Another area for future research concerns dynamics over time. In particular, future work can build on our findings about the implications of different strategies by exploring how organizations evolve in their use of strategies as they grow and develop. For example, studies can consider how organizations adopting a collaborative compromise approach can expand in scale, and whether doing so requires switching to a different strategy. Relatedly, research can also examine how collective social enterprises move from one compromise strategy to another. There was suggestive evidence in our data that as RESCoops adopt new types of energy sources, particularly sources that are more contentious, their legacy compromise strategy may not be sufficient. In these situations, leaders may experiment with other strategies or reach out to cooperative association counselors for best practice advice, ultimately adopting a secondary compromise strategy. For example, when Case 3 began exploring an opportunity to realize a biogas project, members voiced concerns even though they had previously accepted that the RESCoop would undertake solar and wind projects side by side through a structural compromise strategy. To appease members’ demands for a broader discussion of this new energy source, leaders adopted collaborative compromise as a secondary strategy. Single-case studies drawing on observational data and following collective social entrepreneurship initiatives as they develop can further unpack the dynamics of compromise strategies over time.
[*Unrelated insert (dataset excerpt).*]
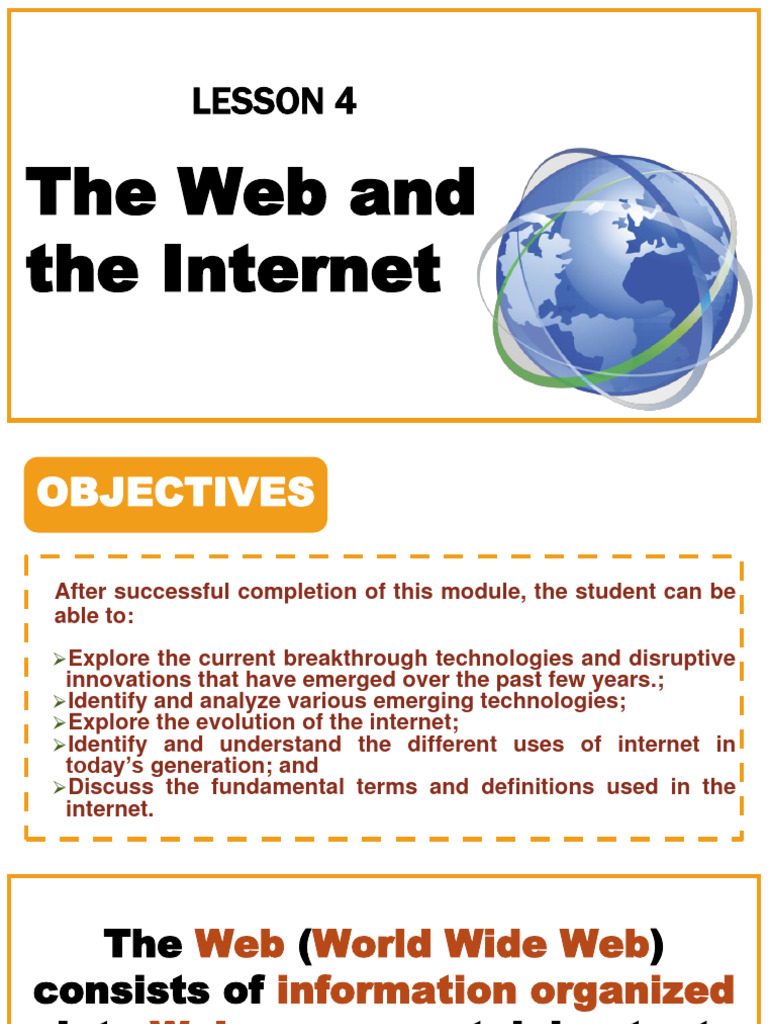 Lesson 4 The Web and The Internet | PDF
Notwithstanding these limitations, our study contributes to research on collective forms of social entrepreneurship in pluralistic institutional environments by revealing novel challenges facing these voluntary initiatives and unpacking the mechanisms through which hybrid organizing strategies can be used to manage them. We hope our work will inspire future studies to attend to this increasingly common and important form of hybrid organizing, helping collective social enterprises live up to their full potential in addressing critical societal problems.